The climate crisis is not gender neutral.

As its impacts worsen, women and girls are experiencing unique and disproportionate harm—with the fallout amplifying existing gender inequalities. Typically more dependent on natural resources and disproportionately responsible for securing food, water and fuel, women are highly vulnerable to environmental shocks. They face heightened exposure to gender-based violence in the wake of conflict and instability exacerbated by climate change, and they are less likely to survive disasters. At the same time, their access to life-saving resources and to key decision-making spaces remains severely limited.

Nevertheless, women remain at the forefront of the fight against climate change, leading prevention, mitigation and adaptation efforts around the world. Research indicates that women’s representation in national parliaments leads to the adoption of more stringent climate policies, resulting in lower emissions. Their leadership in the workplace is associated with greater transparency around climate impact. And their participation in local natural resource management is linked to better resource governance and conservation outcomes.
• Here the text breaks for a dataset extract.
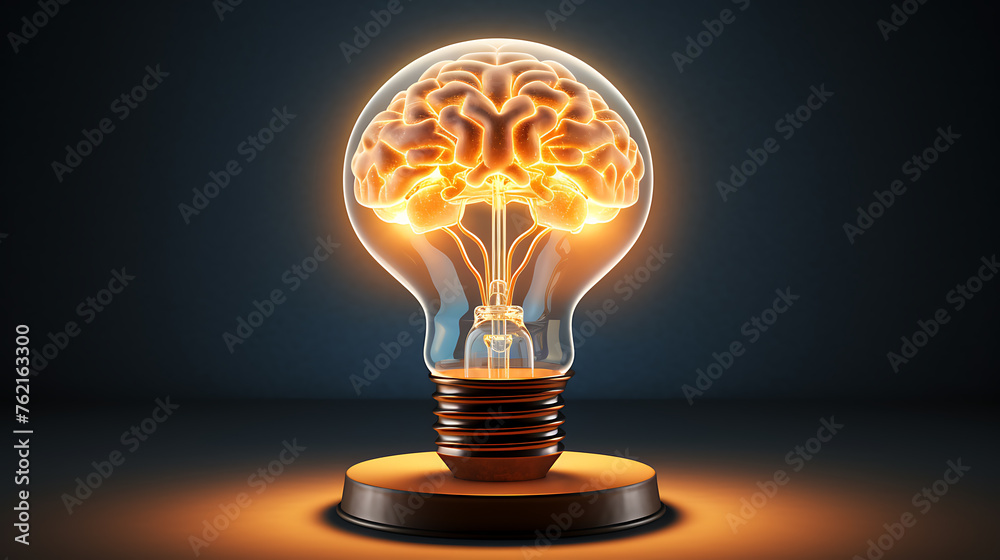 light bulb on black background light bulb on black background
This Earth Day the United Nations is highlighting the crucial connections between sustainability and gender equality in policy, business, agriculture and beyond.
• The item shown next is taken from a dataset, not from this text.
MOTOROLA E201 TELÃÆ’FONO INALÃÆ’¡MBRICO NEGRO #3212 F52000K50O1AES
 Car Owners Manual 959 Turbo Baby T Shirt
In Uganda, climate change risks are increasing agricultural productivity to build resilience

Florence Driciru lives in the refugee host community of Kochi Subcounty in Uganda’s Yumbe District. A farmer and a mother of five, she says she is already feeling the impact of climate change on her livelihood: “The yields have been poor lately. The rains most times come late and when you plant you don’t get much.”
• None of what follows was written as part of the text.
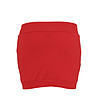 Къса пола в червено Antonia-4 снимка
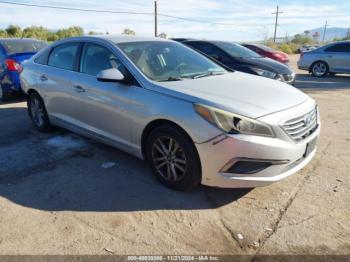  Salvage Hyundai SONATA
In Uganda, refugees and their host communities are feeling the brunt of worsening climate change. Deforestation and environmental degradation are hitting hard, especially in the refugee hosting districts in the country’s West Nile region. Both refugee and host populations are highly dependent on natural resources in their daily lives, relying on grass and wood for shelter and generating income through farming and the harvesting of forest products.

In 2021, UN Women, with funding from the Government of Japan, partnered with the Yumbe District Local Government to support farmers in the refugee and host communities to improve their farming practices. Florence and other farmers in her community received trainings in climate smart agriculture, as well as better seed varieties—particularly green gram and fruit trees. The group has now planted 25 acres of guavas and mangoes.

“Before this project many of us were used to traditional farming practices without knowing that this leads to poor yields,” Florence explains. “I tried out this new farming method and planted the 500 kgs of green grams that I received from the district local government and I was able to harvest 2,150 kgs. The seed was of good quality and when I applied the methods I learned from the trainings, it led to a good yield.”

In the face of both worsening climate change and growing food demand, climate smart agriculture helps to build resilience among hard hit populations—ensuring both food security and income. For Florence’s community, it is also creating new opportunities for cooperation: “As a group our dream is to establish a grain store,” says Florence. “That way we are able to store the green gram and sell collectively, which enables us to bargain for a better price.”